Segment Start: GIVEN INFORMATION
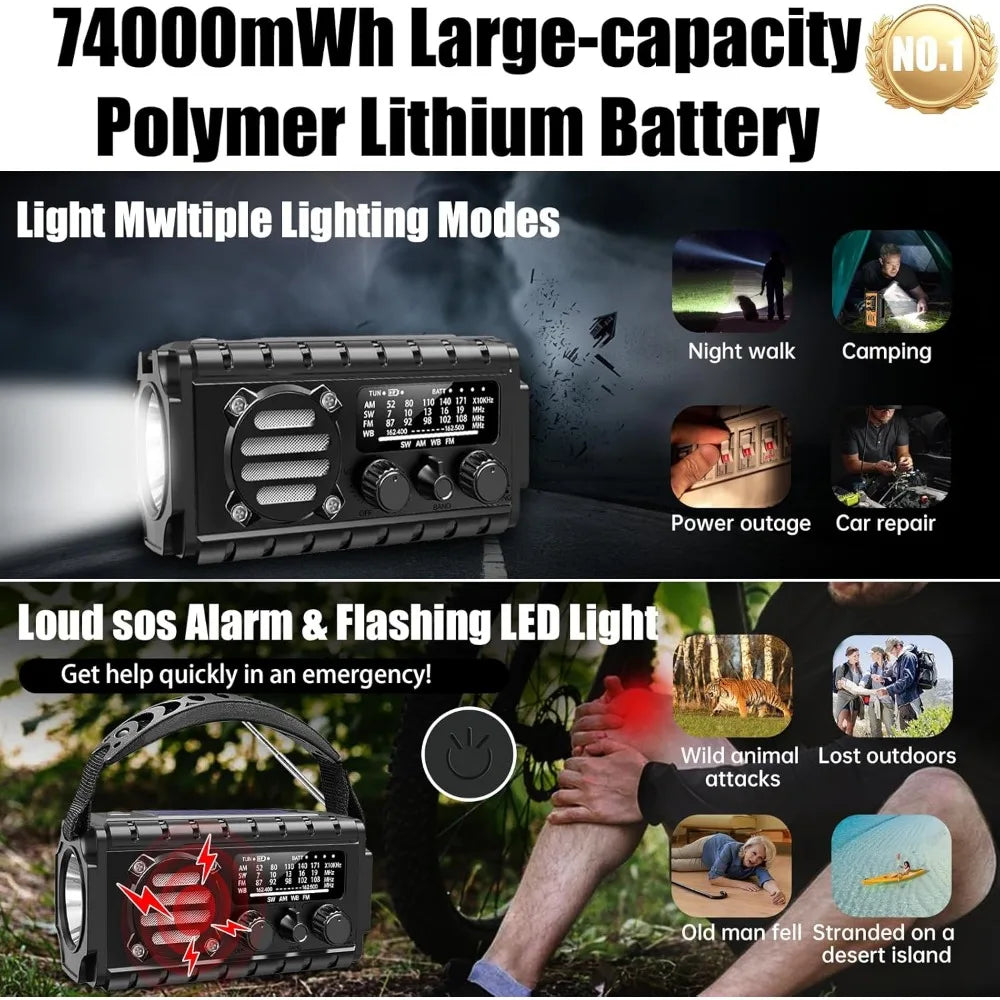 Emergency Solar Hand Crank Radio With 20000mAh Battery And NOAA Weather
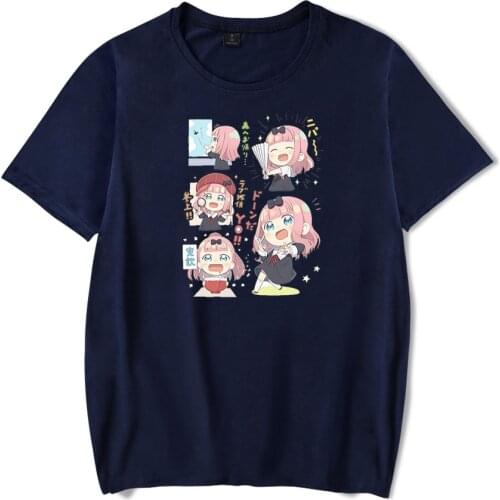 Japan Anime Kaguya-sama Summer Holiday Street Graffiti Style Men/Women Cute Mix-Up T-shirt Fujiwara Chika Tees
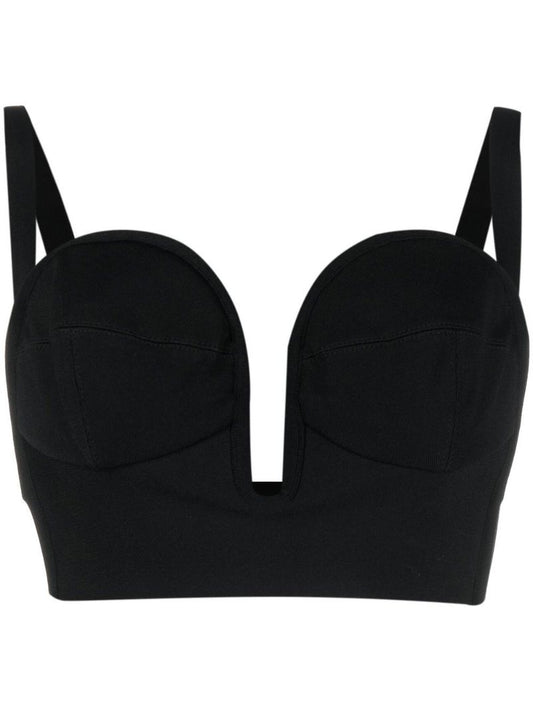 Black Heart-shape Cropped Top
Segment End: GIVEN INFORMATION
=== WHAT YOU HAVE TO DO ===
Retype the full listing exactly; pictures stay out.

=== RESULT OF THIS EXERCISE ===
 Emergency Solar Hand Crank Radio With 20000mAh Battery And NOAA Weather
 Japan Anime Kaguya-sama Summer Holiday Street Graffiti Style Men/Women Cute Mix-Up T-shirt Fujiwara Chika Tees
 Black Heart-shape Cropped Top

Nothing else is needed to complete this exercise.